3 Ağustos 2009

Başlamak Lazım

Fakültede aynı sınıfta okuduğum ve 40 kişi içinden sevdiğim 4 kişiden biri olan canım, ciğerim arkadaşım bana gelmeye karar vermiş, yola çıkarken aradı. O yoldayken öğrendim işte KPSS sonucunu. O gelene kadar ağladım ağladım ağladım. O gelmese çok daha kötü şeyler olacaktı akşam biliyorum, o kurtardı beni. Fotoğraflarımıza baktık, videoları izledik, dertleştik uzun uzun. Bitmemişti her şey, daha konuşulacak şeyler vardı ama gitti. Özledim bile.

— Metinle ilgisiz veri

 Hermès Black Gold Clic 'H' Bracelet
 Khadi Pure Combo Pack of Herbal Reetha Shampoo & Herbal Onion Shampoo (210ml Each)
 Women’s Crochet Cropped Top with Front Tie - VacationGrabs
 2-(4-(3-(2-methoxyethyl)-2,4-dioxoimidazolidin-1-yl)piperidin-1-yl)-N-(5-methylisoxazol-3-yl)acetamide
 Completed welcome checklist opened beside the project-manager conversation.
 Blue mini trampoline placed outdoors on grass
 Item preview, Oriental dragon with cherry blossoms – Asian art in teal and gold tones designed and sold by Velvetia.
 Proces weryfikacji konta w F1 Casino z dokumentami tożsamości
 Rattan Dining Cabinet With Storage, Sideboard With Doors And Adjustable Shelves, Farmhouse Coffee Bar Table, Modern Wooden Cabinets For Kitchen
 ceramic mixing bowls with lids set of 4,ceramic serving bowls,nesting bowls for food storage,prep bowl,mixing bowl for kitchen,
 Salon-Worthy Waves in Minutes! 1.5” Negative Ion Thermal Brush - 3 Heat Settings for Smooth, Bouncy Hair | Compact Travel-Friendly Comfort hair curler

Düşünüyorum, neyi eksik yaptım diye. Yok bu sefer eksik bir şey yapmadım. İş bulmuştum herkesin isteyebileceği bir işti ama benim mesleğim öğretmenlik, önceliğim bu olmalı dedim ve bir risk aldım. İşten ayrıldım KPSS çalışmak için. Pişman mıyım biraz ama iş yerinde gördüğüm muameleyi düşününce içim serinliyor işin aslı.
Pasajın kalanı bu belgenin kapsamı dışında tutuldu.